The data are represented as mean with standard deviation. Statistical analyses between 2 groups were performed using the independent Student’s t-test. Log-rank tests were performed to estimate the significance of differences in overall survival assays. P<0.05 was considered to indicate statistical significance.

Published: December 17, 2021

Supporting citations

The following reference appears in the Supplemental Information: Huang et al., 2009.

Supplemental information

Table S1. DNA microarray analysis of the gyc76C^KG03723 flies, related to Figure 4

Gene list combined with the microarray data of spz^rm7 flies after infection and Gyc76c-overexpressing larvae by c564-GAL4 without infection. Increases (I) are represented in red and decreases (D) are represented in blue.

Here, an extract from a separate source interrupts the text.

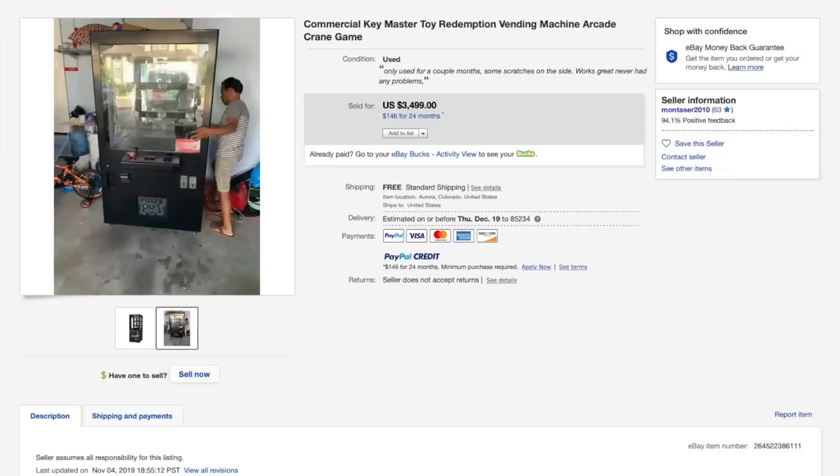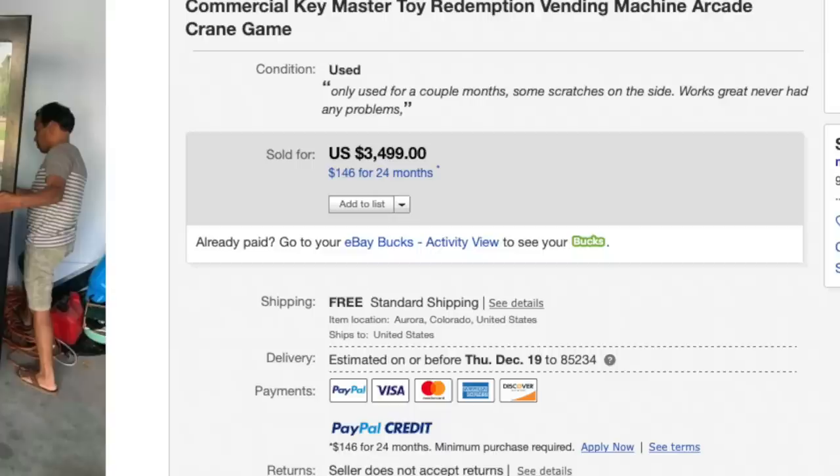I'm super excited because key masters are so popular and everyone loves them. This is probably the cheapest key master I have bought. I had no idea I was going to buy this until about a week ago — I saw it pop up on eBay for $3,500. That is a lot and probably too much, so I hit 'make offer' and submitted $2,500, and it automatically accepted.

Table S2. DNA microarray analysis of the gyc76C^KG03723 larvae, related to Figure 4

Gene list combined with Gyc76c-overexpressing larvae by c564-GAL4 without infection. Increases are represented in red and decreases are represented in blue.

Data and code availability

Any additional information required to reanalyze the data reported in this paper is available from the lead contact upon request.